I bought Fz 150 from zoomin.com but now the company is giving other brand pouch .
Can any one upload the camera pouch that comes with this camera?

Please help Its urgent..


----------



## sujoyp (Jun 26, 2012)

congrats bro...its a superb cam


----------



## sriharsha_madineni (Jun 26, 2012)

Even I didn't get any pouch from Zoomin initially for my FZ150, I complained about it as the package contents mentioned free pouch. They had sent me this case after that.

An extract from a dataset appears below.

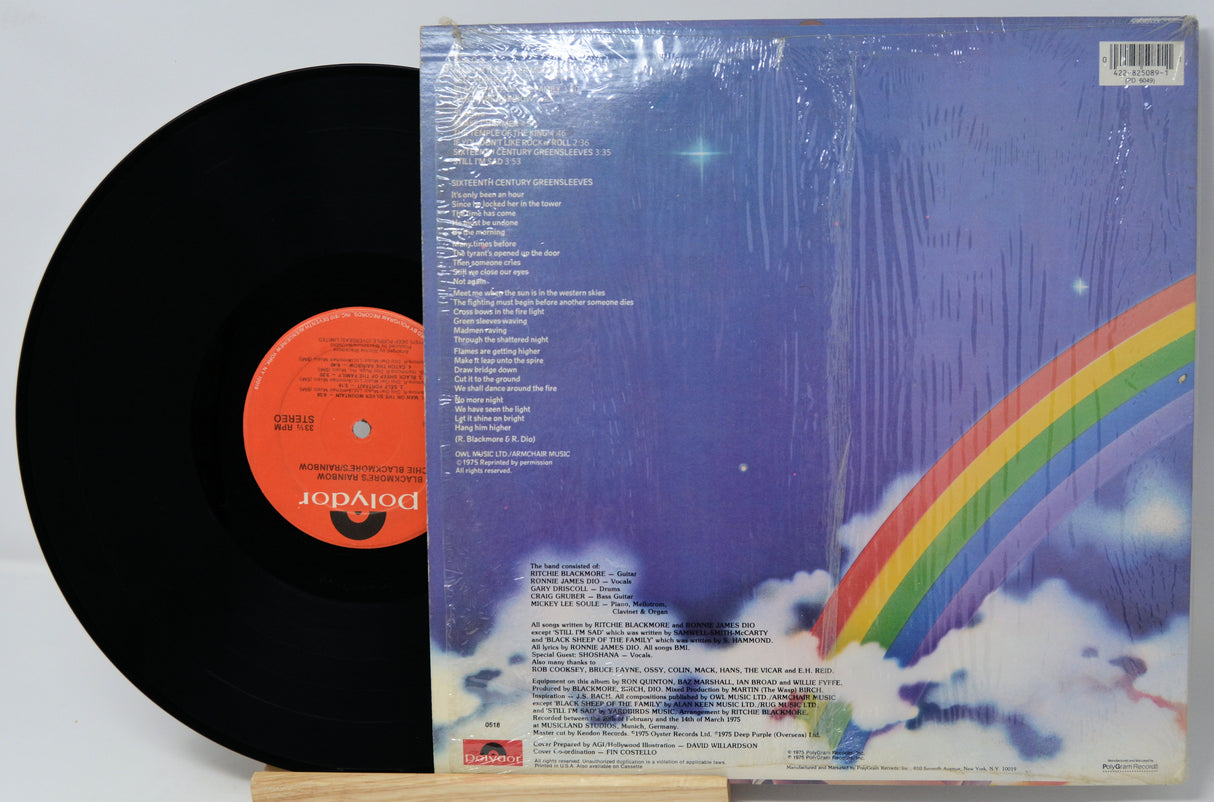 Vinyl record with colorful cover featuring a rainbow and starry sky design.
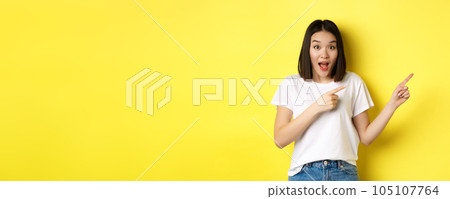 Beauty and fashion concept. Beautiful asian woman in white t-shirt pointing fingers right, demonstrate logo standing over yellow background Beauty and fashion concept. Beautiful asian woman in white t-shirt pointing fingers right, demonstrate logo standing over yellow background 105107764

*img411.imageshack.us/img411/300/1p1030192.th.jpg
*img27.imageshack.us/img27/9241/1p1030193.th.jpg


----------



## pinga123 (Jun 27, 2012)

Thanks for quick reply . They said they will give me genuine panasonic pouch so i m not going to settle on 
Lowepro Rezo TLZ 10 (Black)| ZoomIn.


I asked them to deliver this.
DMC-FZ150 | PRODUCTS | LUMIX | Digital Camera | Panasonic Global


----------



## nac (Jun 27, 2012)

Congrats...

If you don't think Lowepro is good, fine... Go ahead and ask for Original Panny case. If you're OK with lowepro, better keep. Panny's case doesn't seems to be that good. It just fits the camera. No extra partition or anything to keep your memory card, hood etc...


----------



## sujoyp (Jun 27, 2012)

u r rejecting lowepro for a third party Panasonic bag  maybe its not a good idea


----------



## sriharsha_madineni (Jun 27, 2012)

pinga123 said:


> Thanks for quick reply . They said they will give me genuine panasonic pouch so i m not going to settle on
> Lowepro Rezo TLZ 10 (Black)| ZoomIn.
> 
> 
> ...




If they are offering you the Lowepro for free, I suggest you to take it. It's much better than the Pana one. And morever don't expect Panasonic to give the one's you linked as free, the free ones are cheap generic cases not the ones you think of 

Even I was offered the same lowepro rezo but they offered a discount price and not free, otherwise I would have grabbed it gleefully


----------



## pinga123 (Jul 2, 2012)

I m after genuine panasonic bag the one they offered me was not that good .


----------